Llegamos a las urgencias del hospital, Andrés se bajó con cara de angustiado, abrió la puerta de atrás y yo solo atiné a decirle a Yendis: “hazte la desmayada”. Luego ella entró cojeando mientras Andrés la llevaba del brazo. Las puertas de urgencias se abrieron, el vigilante hizo cara de asombro y por fin, ¡por fin!, la recibieron.
Andrés y Yendis siguieron por un pasillo y no los vi más. La sala de espera estaba atestada de gente y no había una sola silla para sentarse. Branyel era muy pesado y se resbalaba de mis brazos. Minutos después reapareció Andrés a llenar los papeles de ingreso de Yendis. En ese momento llegó un vigilante a pedirnos que uno de los dos saliera porque solo podía entrar un acompañante por paciente. Decidimos que Andrés se quedara. Yo me quedé esperando en una panadería cercana mientras Branyel dormía sobre mis piernas.
A las cinco de la tarde Yendis nos avisó que Hébert ya había llegado a la casa y que podíamos dejarlo encargado a él de todo. Lo fuimos a buscar, le entregamos a Branyel y ahí terminó ese día.

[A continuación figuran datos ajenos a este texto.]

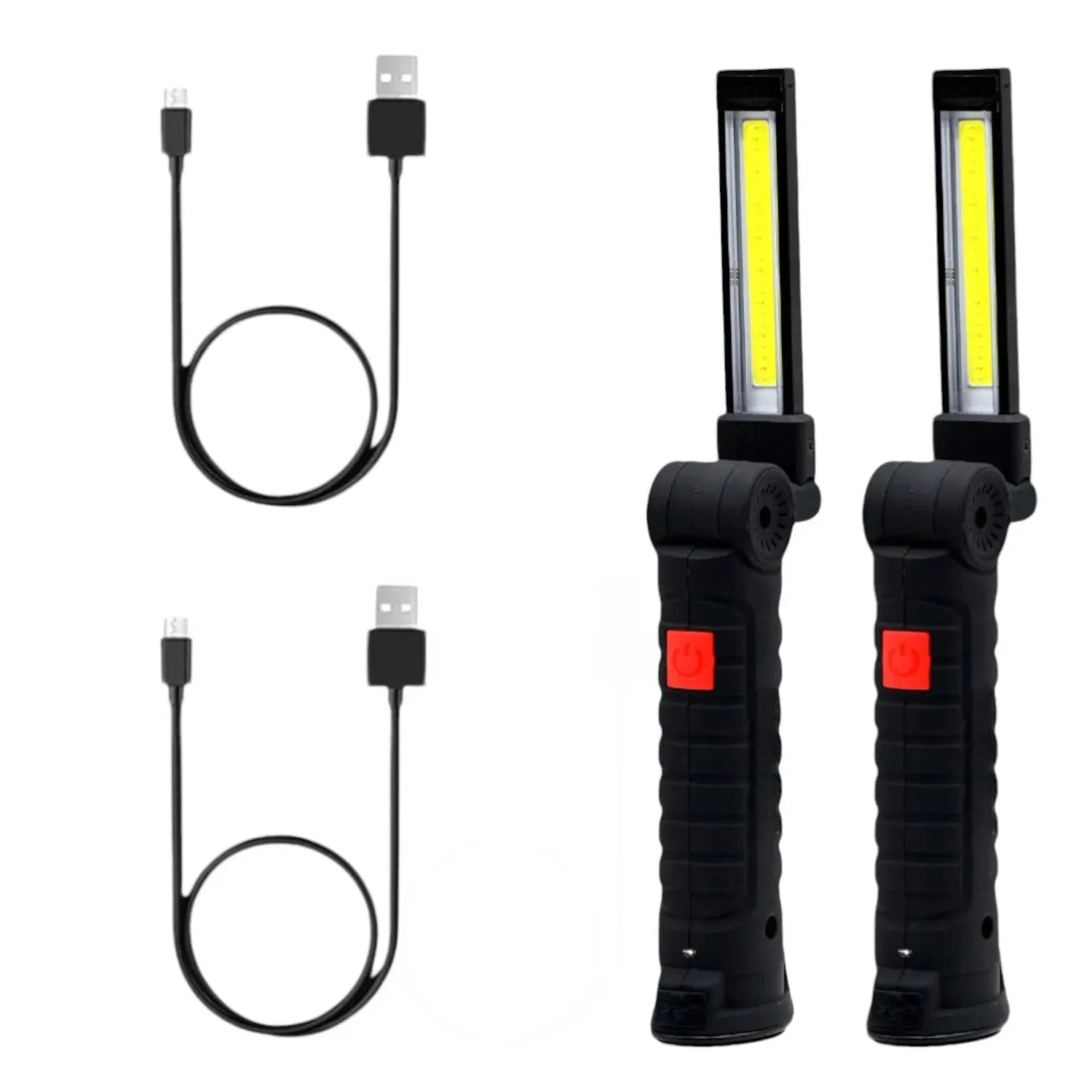 Led COB Work Light Torch 3w Usb Rechargeable Cordless Inspection Lamp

Ocho días después, el 17 de octubre, volvimos al hospital, pero esta vez solo éramos Yendis y yo.
A la seis de la mañana me avisó que ya estaba con contracciones. Llegué a las nueve a su casa y esperamos unas horas a que los dolores fueran más intensos, Yendis estaba muy tranquila, solo se ponía muy seria y respiraba profundo cuando venía una contracción.
Tuvimos tiempo para almorzar, comprarle una muda de ropa a la bebé y otras cosas para el parto. Llegamos a la una de la tarde a urgencias y la recibieron sin problemas. La jefe de ginecoobstetricia y las enfermeras la trataron con respeto.
Yendis se veía cada vez más cansada, pero resistía. “Es una berraca”, pensaba yo. Solo la pude acompañar hasta las seis de la tarde y luego me fui preocupada porque Hébert estaba en su nuevo trabajo al otro lado de la ciudad.
Temía que Yendis fuera a parir sola. Pero no fue así. Hébert llegó a las 7 y estuvo con ella hasta el final.
— Buenas noches, ya nació la bebé, es una niña. Todo salió bien, gracias a Dios. La niña es gorda, grandota. Ya la verá.
Ese mensaje de voz de WhatsApp lo recibí a las 9:50 de la noche. Hébert se oía feliz.
***
Marian Gutiérrez tomó la ruta más común para los migrantes que cubre el municipio de Villa del Rosario al nororiente de Colombia hasta Ipiales en el extremo suroccidental. El viaje duró un día y medio.
— No me mareé en ningún momento, pero sí hubo mujeres que vomitaron— contó días después— . Eso era una desesperación porque llevaban niños chiquitos, una lloradera en ese bus, ¡horrible! Incluso al lado mío iba una señora que tenía dos perros.
Ella llegó al puente internacional de Rumichaca en la frontera entre Colombia y Ecuador al amanecer de un sábado. El aire de las montañas, a tres mil metros de altura, era helado. Estaba asustada, pero al mismo tiempo contaba su experiencia como si fuera una aventura. Se veía sonriente y emocionada.
Ya en Rumichaca, sin pena, Marian pidió a alguien con celular que le dejara enviar un mensaje por Whatsapp a sus hermanas en Perú para avisarles que estaba bien. Ella esperaba en la fila para que le sellaran su carta andina en el puesto fronterizo y a pesar de todo se veía contenta; lo único que delataba el cansancio eran sus pies hinchados.